I have long wanted Hicks off the Yankees, and was vehemently against the extension he was offered in 2019. (The keyword there is “offered.” The extension and the endless treatment of him as if he’s Bernie Williams 2.0 is all on the Yankees. They created this mess. What is Hicks supposed to do? Not accept $70 million to play baseball?) I have been appalled year after year in their belief he could stay healthy and be productive and be counted on to be an everyday player for the Yankees.

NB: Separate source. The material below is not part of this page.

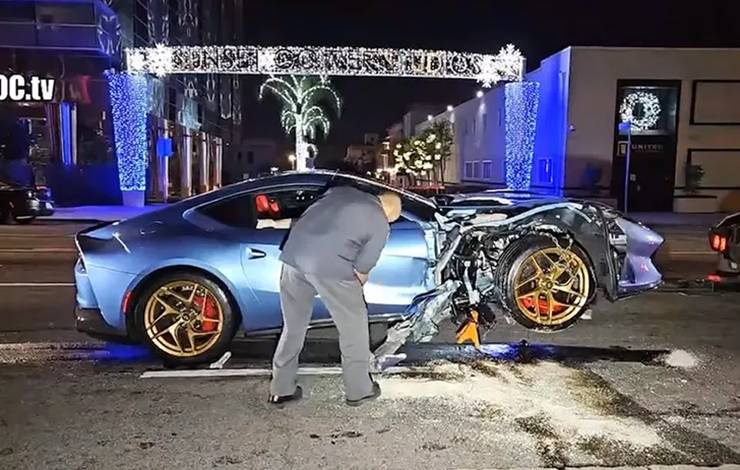 Ator Michael B. Jordan tem Ferrari destruída em acidente; carro bateu em veículo estacionado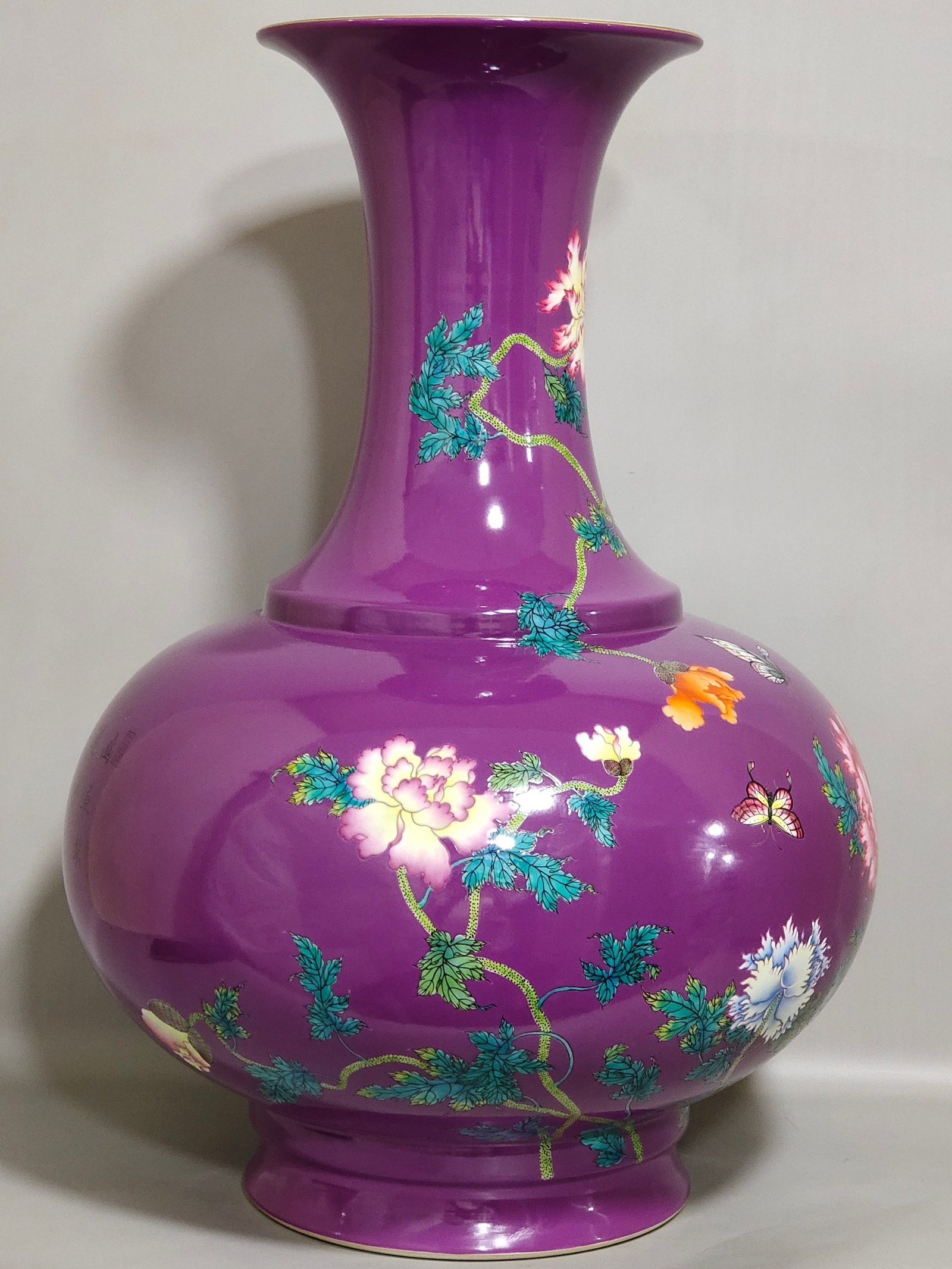 Qing Dynasty Qianlong eggplant skin purple glazed poppy poem appreciation vase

It seems like the Yankees finally agree. By trading for two outfielders in Benintendi and Bader they made it clear they no longer believe in Hicks being the player he told The Athletic he “knows he can be,” which is a player he has rarely ever been in his seven years with the Yankees. Hicks is only playing now because of injuries and the only way he will play regularly for the rest of the regular season and the postseason will be because of injuries.
If Hicks has a future with the Yankees as the fourth outfielder, “cool.” If his future in baseball after this season isn’t with the Yankees, well, “it is what it is.”